I did this four years ago when I single-handedly, with a few close friends, did this. Went through every piece of paper. And I jettisoned a lot. Especially if there was two of anything. But I kept stuff that didn't need to be kept, but which I wanted Jim to look at.

Emotions and memories of your life come crashing like waves. I can feel it in my chest when I think about it, even as I'm typing these words.

I like the evidence of my life. When I worked on the cruise ship, when I sang with bands.

The most embarrassing papers are stacks of notebooks of lyrics I wrote along the way, on my journey from hippie church musician to rock and roll to theater to musical directing to acceptable songwriter to composer.

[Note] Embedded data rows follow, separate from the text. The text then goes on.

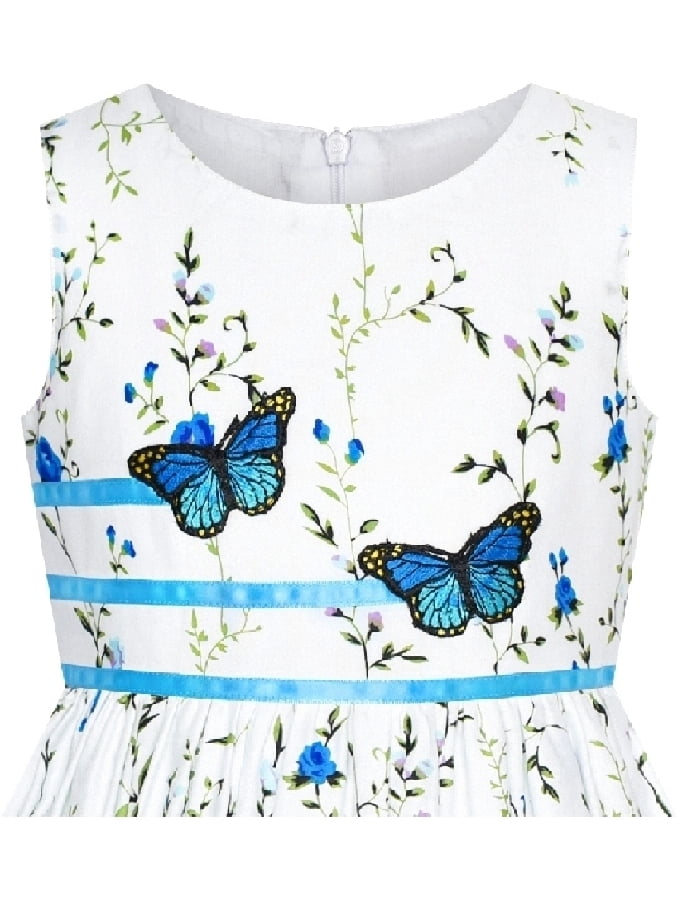 Sunny Fashion Girls Dress Sleeveless Rose Floral Butterfly Garden Party Sundress Cotton Blue 9-10 Years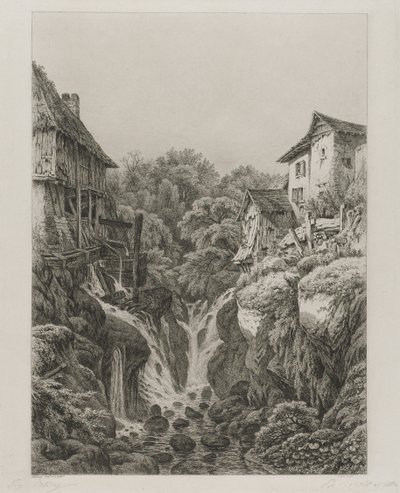 Aix-les-Bains yakınlarındaki Grésy Değirmeni ve Şelalesi, 1856. by Eugene Bléry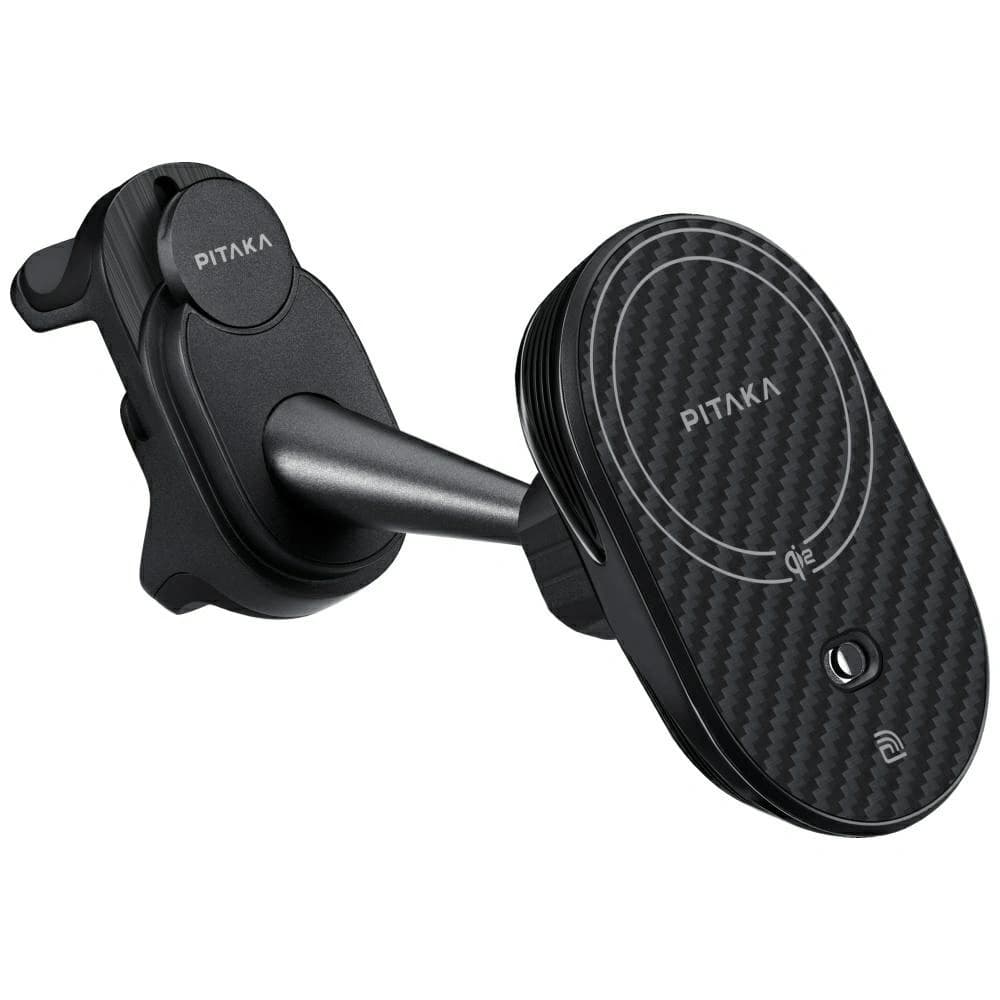 PITAKA MagEZ Pro 2 Qi2 Tesla Halterung mit drahtlosem Ladegerät MagSafe für Tesla Model 3/Y schwarz grau - 3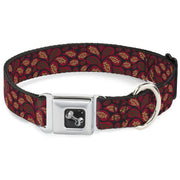 Dog Bone Seatbelt Buckle Collar - Leaves Swirl Navy/Burgundy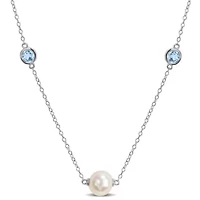 8-9mm Freshwater Cultured Pearl and Sky Blue Topaz Station Necklace in Sterling Silver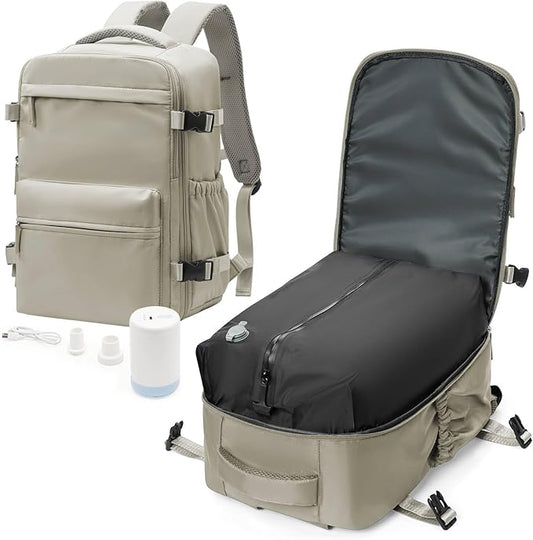 Vacuum Travel Backpack with Pump for Women,Personal Item Carry on Backpacks Flight Approved 18x14x8 inches for Men,Laptop Waterproof Work Compression bags Casual Daypack GreyBrown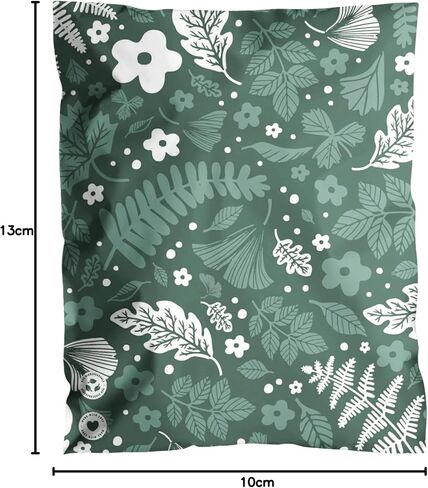 رسائل بريدية قابلة للتحلل البيولوجي من إمباك - 25 حزمة مقاس 10 × 33 سم - مظاريف شحن ذاتية الغلق للشركات الصغيرة - حقائب بريدية مطبوعة ومقاومة للماء - مقاومة للتمزق والثقب - ياقوتي دائم الخضرة in Kuwait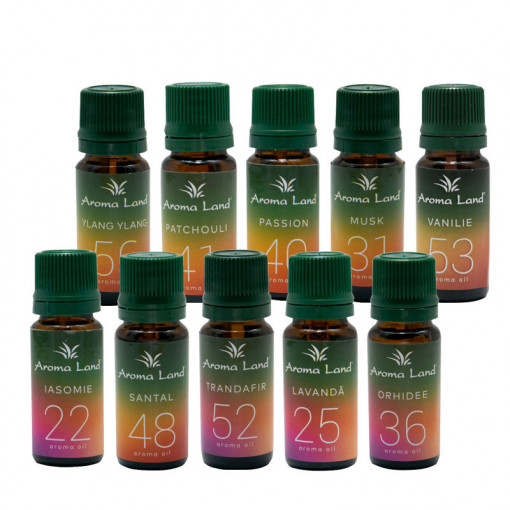 Pachet 10 uleiuri aromaterapie Romance, Aroma Land, 10 ml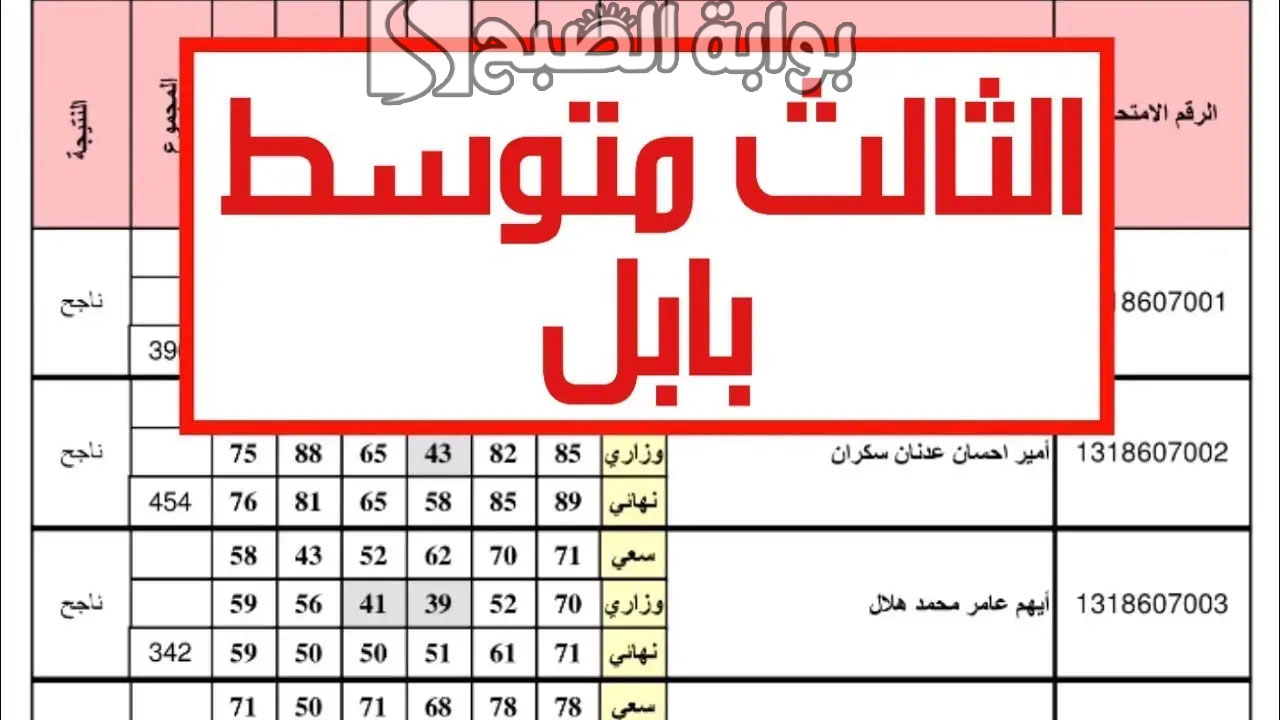 كيفية الحصول على نتائج الثالث متوسط 2024 بابل الدور الاول بالرقم الامتحاني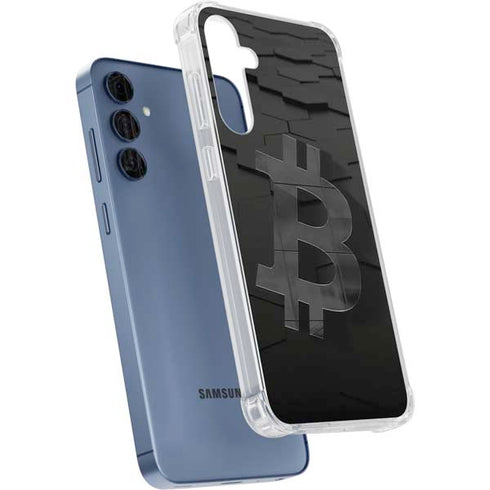 Bitcoin Textured Logo Galaxy A55 5G Clear Case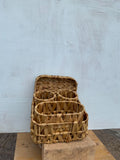 Wide weave light tan basket with compartments
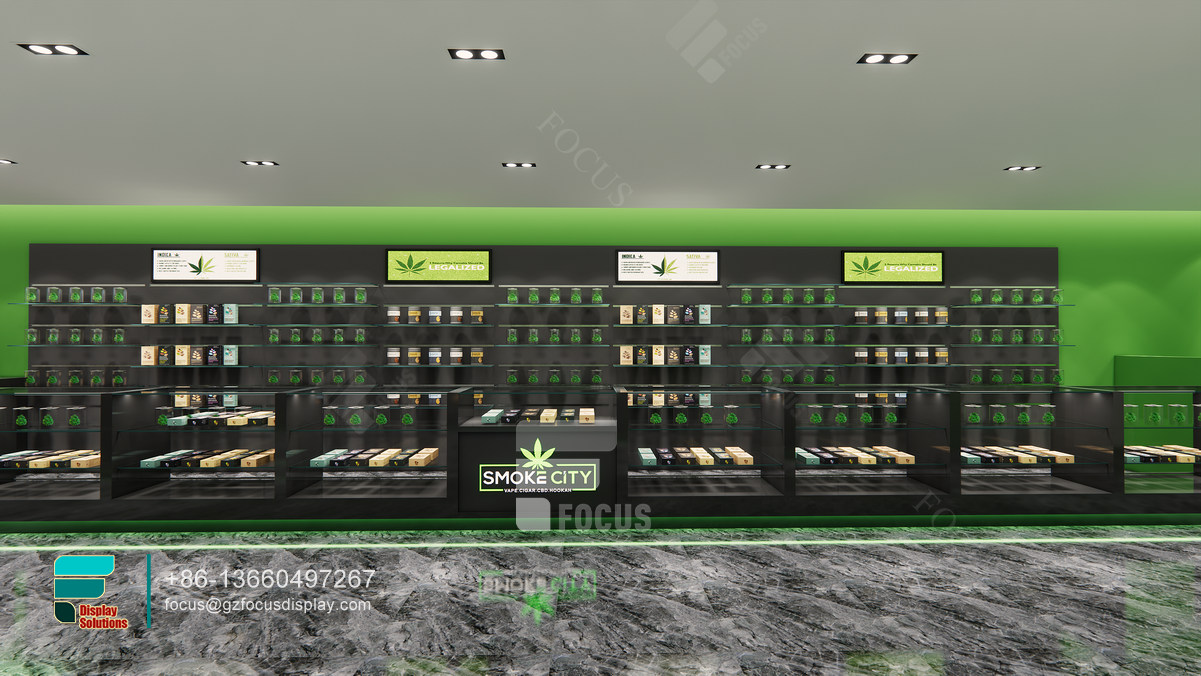 dispensary retail displays glass cabinets smoke shop design
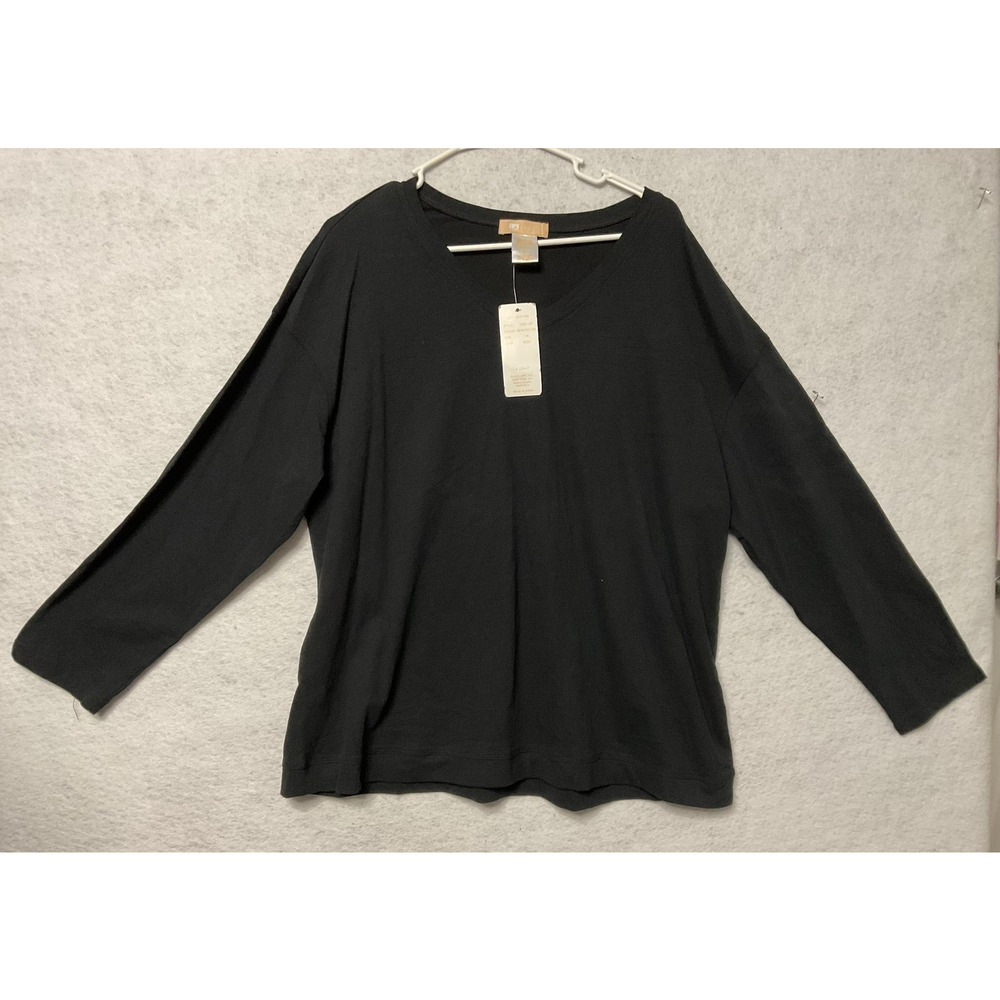 La Cera Shirt Womens 1X Black 100% Cotton Long Sleeve V Neck Plus Size Top‎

Hundreds of lyrics! All terrible! And the worst part is that when I read them, I can go back to how I felt when I wrote them. I usually felt they were terrible, too, but only after trying them out and singing them, thinking that maybe I was wrong and someone would hear something I don't hear. (They didn't).

Except for one or two. Sitting the front seat of a car with Bobby Cox, my guitarist, both of us jamming out on a cassette of a recording we just made. The song is juvenile, but boy did we have fun. I'm a lead guitar junkie/groupie.

And so it goes.

The great thing about living in the bonus round is that I get to relive those days. They are rich and they make me cry. And they make me remember that life is less about events than it is about the moments when you were with people who made you feel good.

People want to be rich so they can do big things. But all the money in the world couldn't give me a more 'scream out loud' and laugh ourselves stupid experience.